5.(5分)在正方体$ABCD-A_{1}B_{1}C_{1}D_{1}$中,$P$为$B_{1}D_{1}$的中点,则直线$PB$与$AD_{1}$所成的角为(  )
A.$\dfrac{\pi }{2}$              B.$\dfrac{\pi }{3}$              C.$\dfrac{\pi }{4}$              D.$\dfrac{\pi }{6}$
分析:由$AD_{1}//BC_{1}$,得$\angle PBC_{1}$是直线$PB$与$AD_{1}$所成的角(或所成角的补角),由此利用余弦定理,求出直线$PB$与$AD_{1}$所成的角.

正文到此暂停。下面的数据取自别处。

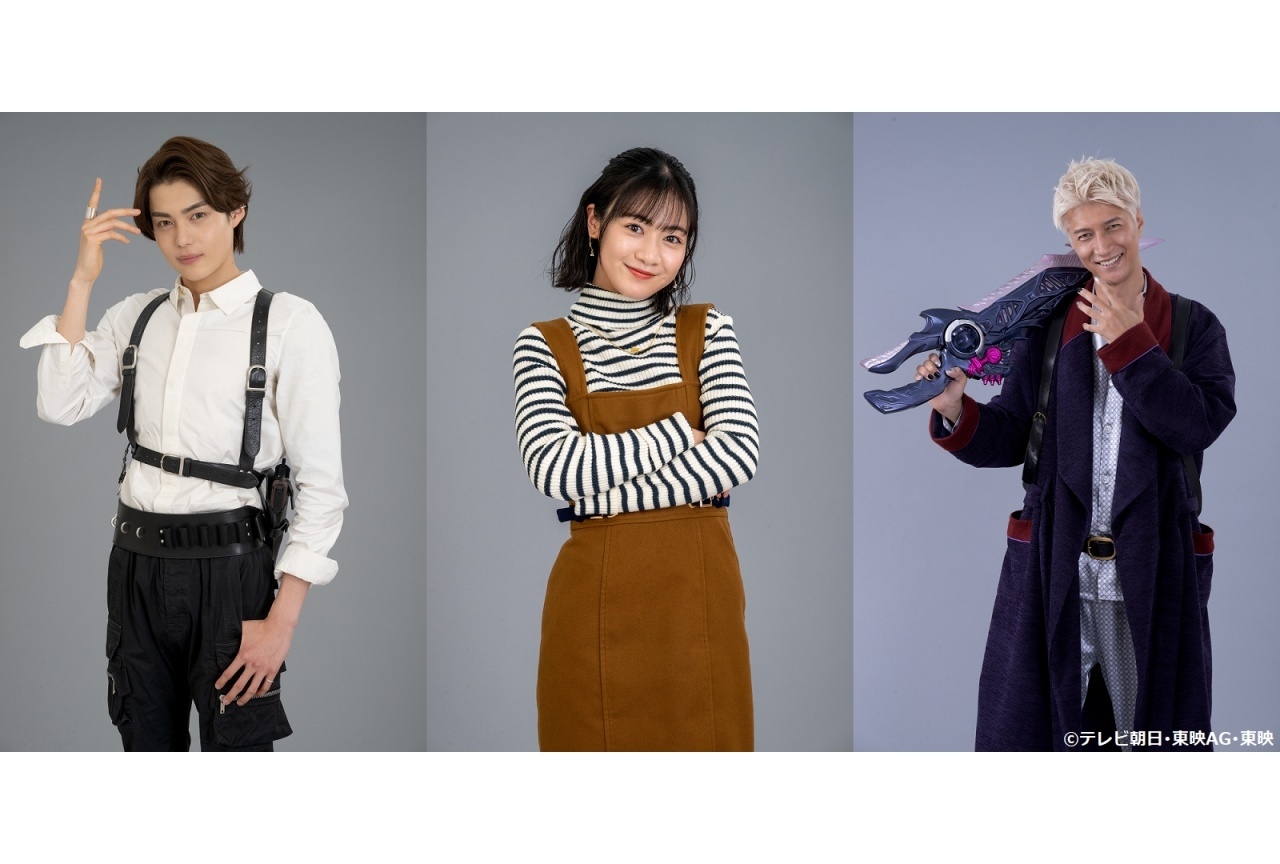 『ラジレンジャー』2週連続で『仮面ライダーゼッツ』今井竜太郎、八木美樹、天野浩成がゲスト出演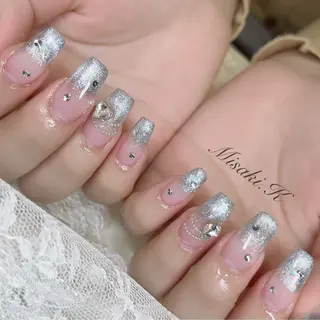 ネイル K. Misakiのネイルデザイン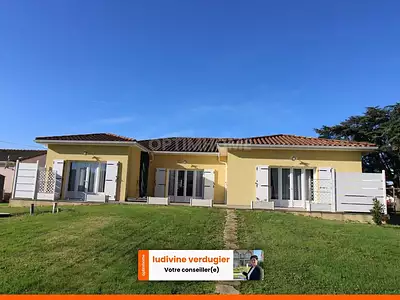 Maison, 159 m²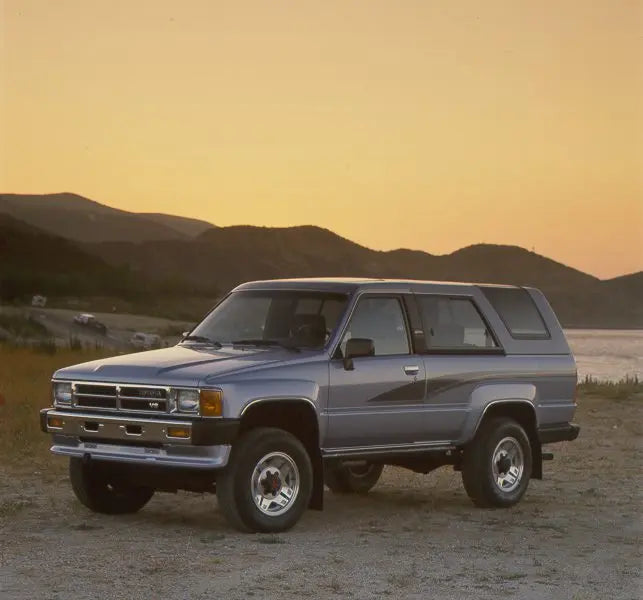 1st-Gen-4Runner-Shocks Wheel Every Weekend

解$\because AD_{1}//BC_{1}$,$\therefore \angle PBC_{1}$是直线$PB$与$AD_{1}$所成的角(或所成角的补角),
设正方体$ABCD-A_{1}B_{1}C_{1}D_{1}$的棱长为2,
则$PB_{1}=PC_{1}=\dfrac{1}{2}\sqrt{{2}^{2}+{2}^{2}}=\sqrt{2}$,$BC_{1}=\sqrt{{2}^{2}+{2}^{2}}=2\sqrt{2}$,$BP=\sqrt{{2}^{2}+(\sqrt{2})^{2}}=\sqrt{6}$,
$\therefore \cos \angle PBC_{1}=\dfrac{P{B}^{2}+B{{C}_{1}}^{2}-P{{C}_{1}}^{2}}{2\times PB\times B{C}_{1}}=\dfrac{6+8-2}{2\times \sqrt{6}\times 2\sqrt{2}}=\dfrac{\sqrt{3}}{2}$,
$\therefore \angle PBC_{1}=\dfrac{\pi }{6}$,
$\therefore$直线$PB$与$AD_{1}$所成的角为$\dfrac{\pi }{6}$.
故选:$D$.

点评:本题考查异面直线所成角和余弦定理,考查运算求解能力,是基础题.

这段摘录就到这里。